Special Agent Cooper’s review published on Letterboxd:
~ Remember, this gun is pointed right at your heart.
~~ That is my least vulnerable spot.
Casablanca succeeds as a classic due to a variety of factors: a memorable score and setting, uniformly strong performances, significant lead character development (especially for an average length film), a sharp and quotable script, and of course, the iconic ending scene. Michael Curtiz's film won the 1944 Best Picture Oscar, overachieving expectations, and has never looked back to this day in holding prominence and a reputation as a classic romantic drama.
Most of you know the story, but in a couple sentences: It's a movie about a lonely and cynical, scorned ex-lover operating a bar in Casablanca, a place in Morocco occupied by the French, in which fleeing European refugees often converged in hopes of obtaining the means to escape to America during WWII. The bar owner Rick (Humphrey Bogart) faces a moral dilemma when a former love affair (Ingrid Bergman) returns with a husband and needs safe passage, to which he ends up holding the key. Rick, who strongly prides himself as a political neutral, has become an isolationist of sorts in almost every way since his heart was broken those years ago, but despite his grouchy nature, he still finds himself in this respected position, right in the heart of this charged political landscape. Without getting into endgame details, Rick's character experiences some of the best development work that I've seen in an average length film. He's a bit of an antihero from the start, showing signs of a good heart, but hidden under a somewhat unlikable nature. He's placed into a unique situation and it's interesting as a viewer to see the steps of his inner journey and anguish.

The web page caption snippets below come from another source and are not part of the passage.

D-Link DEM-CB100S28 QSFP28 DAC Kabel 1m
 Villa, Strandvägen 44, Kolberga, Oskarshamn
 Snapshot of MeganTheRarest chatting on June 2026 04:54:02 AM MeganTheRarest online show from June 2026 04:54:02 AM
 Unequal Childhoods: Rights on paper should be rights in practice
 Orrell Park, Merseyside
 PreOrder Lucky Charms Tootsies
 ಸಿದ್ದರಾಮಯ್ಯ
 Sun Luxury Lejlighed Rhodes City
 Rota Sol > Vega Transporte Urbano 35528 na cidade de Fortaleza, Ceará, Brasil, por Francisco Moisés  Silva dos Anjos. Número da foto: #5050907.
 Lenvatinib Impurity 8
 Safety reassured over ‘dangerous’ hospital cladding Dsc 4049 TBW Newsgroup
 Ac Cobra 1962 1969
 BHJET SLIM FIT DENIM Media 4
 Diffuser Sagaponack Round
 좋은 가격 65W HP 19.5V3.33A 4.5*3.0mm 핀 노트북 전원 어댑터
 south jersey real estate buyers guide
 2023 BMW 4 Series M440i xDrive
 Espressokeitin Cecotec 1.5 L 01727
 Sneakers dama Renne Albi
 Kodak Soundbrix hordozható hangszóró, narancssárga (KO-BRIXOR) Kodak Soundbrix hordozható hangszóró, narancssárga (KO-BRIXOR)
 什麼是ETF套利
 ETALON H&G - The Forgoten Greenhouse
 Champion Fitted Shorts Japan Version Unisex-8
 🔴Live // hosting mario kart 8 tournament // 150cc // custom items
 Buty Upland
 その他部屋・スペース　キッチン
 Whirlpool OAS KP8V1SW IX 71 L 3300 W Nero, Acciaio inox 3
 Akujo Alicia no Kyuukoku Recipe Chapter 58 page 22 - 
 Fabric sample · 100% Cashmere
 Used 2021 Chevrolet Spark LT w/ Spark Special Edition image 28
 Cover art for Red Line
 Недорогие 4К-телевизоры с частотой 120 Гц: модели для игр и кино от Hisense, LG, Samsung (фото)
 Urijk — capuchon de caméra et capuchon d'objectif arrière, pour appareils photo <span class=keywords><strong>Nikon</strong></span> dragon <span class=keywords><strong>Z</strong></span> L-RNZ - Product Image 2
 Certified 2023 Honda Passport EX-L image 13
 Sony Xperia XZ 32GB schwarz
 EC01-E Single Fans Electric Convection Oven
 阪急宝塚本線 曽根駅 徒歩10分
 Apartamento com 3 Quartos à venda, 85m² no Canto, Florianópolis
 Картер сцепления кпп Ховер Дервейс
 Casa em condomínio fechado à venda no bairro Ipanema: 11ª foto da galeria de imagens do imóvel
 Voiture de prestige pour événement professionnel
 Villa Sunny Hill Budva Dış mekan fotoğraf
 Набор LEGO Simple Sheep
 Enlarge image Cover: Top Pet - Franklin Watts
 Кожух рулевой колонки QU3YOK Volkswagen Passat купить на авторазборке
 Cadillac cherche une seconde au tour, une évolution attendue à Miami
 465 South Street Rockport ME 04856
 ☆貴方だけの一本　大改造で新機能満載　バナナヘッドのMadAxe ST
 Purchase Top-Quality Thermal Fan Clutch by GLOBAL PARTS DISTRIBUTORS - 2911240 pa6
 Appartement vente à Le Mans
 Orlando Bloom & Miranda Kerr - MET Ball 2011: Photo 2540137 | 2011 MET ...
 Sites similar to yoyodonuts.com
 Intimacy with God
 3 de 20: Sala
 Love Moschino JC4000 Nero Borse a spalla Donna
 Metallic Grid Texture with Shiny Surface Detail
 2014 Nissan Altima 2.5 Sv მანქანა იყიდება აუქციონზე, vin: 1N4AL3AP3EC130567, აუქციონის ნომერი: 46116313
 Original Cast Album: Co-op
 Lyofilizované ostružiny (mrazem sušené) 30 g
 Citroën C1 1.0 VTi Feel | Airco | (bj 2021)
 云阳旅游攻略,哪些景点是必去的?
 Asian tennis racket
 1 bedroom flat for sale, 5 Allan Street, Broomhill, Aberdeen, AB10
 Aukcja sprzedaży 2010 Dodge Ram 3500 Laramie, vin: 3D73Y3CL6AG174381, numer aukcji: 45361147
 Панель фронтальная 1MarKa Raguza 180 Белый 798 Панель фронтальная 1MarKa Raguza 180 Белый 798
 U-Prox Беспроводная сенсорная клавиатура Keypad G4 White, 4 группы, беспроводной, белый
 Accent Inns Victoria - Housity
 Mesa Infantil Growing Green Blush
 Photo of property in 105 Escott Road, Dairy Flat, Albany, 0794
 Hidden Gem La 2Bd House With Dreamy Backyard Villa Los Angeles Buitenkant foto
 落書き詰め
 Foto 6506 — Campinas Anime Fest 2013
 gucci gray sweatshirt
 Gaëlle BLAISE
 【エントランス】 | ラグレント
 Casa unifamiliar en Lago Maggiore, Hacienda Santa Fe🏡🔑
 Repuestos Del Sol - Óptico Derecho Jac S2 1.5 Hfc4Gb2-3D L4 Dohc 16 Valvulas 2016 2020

Details, details. This film has details. The score is great. "As Time Goes By" was not originally conceived for Casablanca, but the film did really raise the profile of the song. The wistful music combines with the set design of Rick's bar and the shots in such a classy and romantic way. It's all very comforting and inviting, despite the tense and serious nature of the plot. I think that's one of the real reasons people take to this film so much. Casablanca really is a film that successfully "suggests" the idea of romance so much more consistently than it actually shows it. I feel strongly about that view. Again, that's a result of the detail work and strong filmmaking. Really the only thing holding me back from giving this that perfect score is that I really would have liked to SEE more romance developing in the Paris flashback and really watch it unfold and develop with an extra 15 minutes, instead of just being told it was there and seeing some short bits of dialogue towards the end of that time.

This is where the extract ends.